First Amendment to the Pulmatrix, Inc. Amended and Restated 2013 Employee, Director and Consultant Equity Incentive Plan
Exhibit 10.1
FIRST AMENDMENT
TO THE PULMATRIX, INC. AMENDED AND RESTATED 2013 EMPLOYEE, DIRECTOR AND CONSULTANT EQUITY INCENTIVE PLAN
This FIRST AMENDMENT TO THE PULMATRIX, INC. AMENDED AND RESTATED 2013 EMPLOYEE, DIRECTOR AND CONSULTANT EQUITY INCENTIVE PLAN (this Amendment), dated as of June 5, 2018, is made and entered into by Pulmatrix, Inc., a Delaware corporation (the Company), subject to approval by the Companys stockholders. Terms used in this Amendment with initial capital letters that are not otherwise defined herein shall have the meanings ascribed to such terms in the Pulmatrix, Inc. Amended and Restated 2013 Employee, Director and Consultant Equity Incentive Plan (the Incentive Plan).
RECITALS
WHEREAS, the Company sponsors and maintains the Incentive Plan in order to attract and retain the services of key employees, consultants, and directors of the Company and its affiliates;
WHEREAS, Section 32 of the Incentive Plan permits the Board of Directors of the Company (the Board) to amend the Incentive Plan;
WHEREAS, upon the adoption of the Incentive Plan, subject to adjustment, the Company initially reserved a total of 6,853,319 shares of its Common Stock to be issued pursuant to awards under the Incentive Plan;
WHEREAS, on June 15, 2015, the Company effected a 1-for-2.5 reverse stock split of its issued and outstanding Common Stock such that, after giving effect to the reverse stock split and other adjustments, there were 2,713,261 shares of Common Stock initially reserved for issuance under the Incentive Plan;
WHEREAS, in accordance with the evergreen provision in the Incentive Plan, the number of shares of Common Stock reserved for issuance under the Incentive Plan was automatically increased on January 1, 2016, January 1, 2017, and January 1, 2018 by 737,288 shares, 742,526 shares, and 903,600 shares, respectively, for a total of 5,096,675 shares reserved for issuance under the Incentive Plan;
WHEREAS, the Board desires to amend the Incentive Plan to (i) increase the aggregate number of shares of Common Stock that are reserved and may be delivered pursuant to awards under the Incentive Plan by an additional 7,403,325 shares, for an aggregate maximum total of 12,500,000 shares available under the Incentive Plan (on a post-split basis), and (ii) modify the Incentive Plans evergreen provision by removing the cap on the number of shares that may be reserved for issuance, so that on January 1st of each year, commencing on January 1, 2019, the number of shares reserved for issuance under the Incentive Plan will automatically increase by 5% of the number of outstanding shares of Common Stock on such date; and
WHEREAS, as of the date hereof, the Board resolved that this Amendment be adopted and that the Incentive Plan be amended as set forth herein.

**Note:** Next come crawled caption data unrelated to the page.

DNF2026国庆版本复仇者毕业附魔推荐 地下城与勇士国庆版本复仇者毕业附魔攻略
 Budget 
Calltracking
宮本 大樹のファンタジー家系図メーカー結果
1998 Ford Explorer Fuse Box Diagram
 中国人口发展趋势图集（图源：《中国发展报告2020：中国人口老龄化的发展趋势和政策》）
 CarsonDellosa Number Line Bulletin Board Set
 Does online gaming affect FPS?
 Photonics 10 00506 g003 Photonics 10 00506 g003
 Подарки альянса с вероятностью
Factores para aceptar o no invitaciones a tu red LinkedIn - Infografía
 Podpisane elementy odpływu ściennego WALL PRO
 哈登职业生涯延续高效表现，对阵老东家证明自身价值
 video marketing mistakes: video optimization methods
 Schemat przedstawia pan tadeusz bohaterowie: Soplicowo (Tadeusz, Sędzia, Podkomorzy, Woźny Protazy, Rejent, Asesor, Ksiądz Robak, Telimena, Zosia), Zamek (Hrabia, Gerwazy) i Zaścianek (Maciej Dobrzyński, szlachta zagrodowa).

NOW, THEREFORE, in accordance with Section 32 of the Incentive Plan, and subject to the approval of the Companys stockholders, the Company hereby amends the Incentive Plan, effective as of the date hereof, as follows:
1. Section 3 of the Incentive Plan is hereby amended by deleting said section in its entirety and substituting in lieu thereof the following new Section 3:
3. SHARES SUBJECT TO THE PLAN.
(a) The number of Shares which may be issued from time to time pursuant to this Plan shall be 12,500,000, or the equivalent of such number of Shares after the Administrator, in its
sole discretion, has interpreted the effect of any stock split, stock dividend, combination, recapitalization or similar transaction in accordance with Paragraph 25 of the Plan. ISOs may be issued for up to 12,500,000 Shares issuable pursuant to this Plan.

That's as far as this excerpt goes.